(Dataset records begins)

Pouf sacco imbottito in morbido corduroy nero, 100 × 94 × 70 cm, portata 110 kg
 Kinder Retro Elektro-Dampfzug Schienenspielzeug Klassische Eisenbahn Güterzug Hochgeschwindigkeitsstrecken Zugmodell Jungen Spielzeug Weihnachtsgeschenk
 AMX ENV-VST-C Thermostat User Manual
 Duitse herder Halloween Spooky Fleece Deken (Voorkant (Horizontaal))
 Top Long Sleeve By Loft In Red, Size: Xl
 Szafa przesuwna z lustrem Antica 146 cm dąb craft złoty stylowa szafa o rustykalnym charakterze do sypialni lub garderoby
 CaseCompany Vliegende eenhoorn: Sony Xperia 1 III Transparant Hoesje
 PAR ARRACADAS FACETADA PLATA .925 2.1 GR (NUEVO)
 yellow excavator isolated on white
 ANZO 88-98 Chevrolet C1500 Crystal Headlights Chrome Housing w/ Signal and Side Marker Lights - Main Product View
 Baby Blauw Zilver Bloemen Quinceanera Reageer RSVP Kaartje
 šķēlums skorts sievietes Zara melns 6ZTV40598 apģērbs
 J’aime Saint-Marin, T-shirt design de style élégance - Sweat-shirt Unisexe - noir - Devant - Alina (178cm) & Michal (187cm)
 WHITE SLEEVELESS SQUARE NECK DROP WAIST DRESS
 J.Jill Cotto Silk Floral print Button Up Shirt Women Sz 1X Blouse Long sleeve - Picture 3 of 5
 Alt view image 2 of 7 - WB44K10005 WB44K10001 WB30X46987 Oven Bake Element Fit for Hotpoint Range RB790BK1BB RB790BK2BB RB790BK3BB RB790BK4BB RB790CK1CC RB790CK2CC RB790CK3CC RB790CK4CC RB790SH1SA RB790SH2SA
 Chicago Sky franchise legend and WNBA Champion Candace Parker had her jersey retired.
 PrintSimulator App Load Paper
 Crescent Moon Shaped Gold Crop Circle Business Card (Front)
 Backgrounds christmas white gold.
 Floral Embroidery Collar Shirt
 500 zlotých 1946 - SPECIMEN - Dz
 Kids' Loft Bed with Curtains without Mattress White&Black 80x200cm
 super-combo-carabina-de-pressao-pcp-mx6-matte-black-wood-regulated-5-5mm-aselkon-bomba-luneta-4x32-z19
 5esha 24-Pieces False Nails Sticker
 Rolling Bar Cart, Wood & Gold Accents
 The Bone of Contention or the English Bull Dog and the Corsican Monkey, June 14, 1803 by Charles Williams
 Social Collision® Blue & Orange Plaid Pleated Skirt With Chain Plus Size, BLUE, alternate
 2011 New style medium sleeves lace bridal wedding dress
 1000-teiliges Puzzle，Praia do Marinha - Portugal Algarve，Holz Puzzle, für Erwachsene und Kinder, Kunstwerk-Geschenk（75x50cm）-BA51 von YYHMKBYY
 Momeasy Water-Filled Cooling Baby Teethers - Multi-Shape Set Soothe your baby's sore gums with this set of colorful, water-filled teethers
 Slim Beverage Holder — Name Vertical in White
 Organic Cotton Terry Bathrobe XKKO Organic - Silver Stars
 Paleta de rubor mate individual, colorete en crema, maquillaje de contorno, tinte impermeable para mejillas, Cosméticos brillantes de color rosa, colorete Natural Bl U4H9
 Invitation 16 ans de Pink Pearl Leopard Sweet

(Dataset records ends)

### Work request
Type out the material above once more, exactly.

### Solution for this exercise
Pouf sacco imbottito in morbido corduroy nero, 100 × 94 × 70 cm, portata 110 kg
 Kinder Retro Elektro-Dampfzug Schienenspielzeug Klassische Eisenbahn Güterzug Hochgeschwindigkeitsstrecken Zugmodell Jungen Spielzeug Weihnachtsgeschenk
 AMX ENV-VST-C Thermostat User Manual
 Duitse herder Halloween Spooky Fleece Deken (Voorkant (Horizontaal))
 Top Long Sleeve By Loft In Red, Size: Xl
 Szafa przesuwna z lustrem Antica 146 cm dąb craft złoty stylowa szafa o rustykalnym charakterze do sypialni lub garderoby
 CaseCompany Vliegende eenhoorn: Sony Xperia 1 III Transparant Hoesje
 PAR ARRACADAS FACETADA PLATA .925 2.1 GR (NUEVO)
 yellow excavator isolated on white
 ANZO 88-98 Chevrolet C1500 Crystal Headlights Chrome Housing w/ Signal and Side Marker Lights - Main Product View
 Baby Blauw Zilver Bloemen Quinceanera Reageer RSVP Kaartje
 šķēlums skorts sievietes Zara melns 6ZTV40598 apģērbs
 J’aime Saint-Marin, T-shirt design de style élégance - Sweat-shirt Unisexe - noir - Devant - Alina (178cm) & Michal (187cm)
 WHITE SLEEVELESS SQUARE NECK DROP WAIST DRESS
 J.Jill Cotto Silk Floral print Button Up Shirt Women Sz 1X Blouse Long sleeve - Picture 3 of 5
 Alt view image 2 of 7 - WB44K10005 WB44K10001 WB30X46987 Oven Bake Element Fit for Hotpoint Range RB790BK1BB RB790BK2BB RB790BK3BB RB790BK4BB RB790CK1CC RB790CK2CC RB790CK3CC RB790CK4CC RB790SH1SA RB790SH2SA
 Chicago Sky franchise legend and WNBA Champion Candace Parker had her jersey retired.
 PrintSimulator App Load Paper
 Crescent Moon Shaped Gold Crop Circle Business Card (Front)
 Backgrounds christmas white gold.
 Floral Embroidery Collar Shirt
 500 zlotých 1946 - SPECIMEN - Dz
 Kids' Loft Bed with Curtains without Mattress White&Black 80x200cm
 super-combo-carabina-de-pressao-pcp-mx6-matte-black-wood-regulated-5-5mm-aselkon-bomba-luneta-4x32-z19
 5esha 24-Pieces False Nails Sticker
 Rolling Bar Cart, Wood & Gold Accents
 The Bone of Contention or the English Bull Dog and the Corsican Monkey, June 14, 1803 by Charles Williams
 Social Collision® Blue & Orange Plaid Pleated Skirt With Chain Plus Size, BLUE, alternate
 2011 New style medium sleeves lace bridal wedding dress
 1000-teiliges Puzzle，Praia do Marinha - Portugal Algarve，Holz Puzzle, für Erwachsene und Kinder, Kunstwerk-Geschenk（75x50cm）-BA51 von YYHMKBYY
 Momeasy Water-Filled Cooling Baby Teethers - Multi-Shape Set Soothe your baby's sore gums with this set of colorful, water-filled teethers
 Slim Beverage Holder — Name Vertical in White
 Organic Cotton Terry Bathrobe XKKO Organic - Silver Stars
 Paleta de rubor mate individual, colorete en crema, maquillaje de contorno, tinte impermeable para mejillas, Cosméticos brillantes de color rosa, colorete Natural Bl U4H9
 Invitation 16 ans de Pink Pearl Leopard Sweet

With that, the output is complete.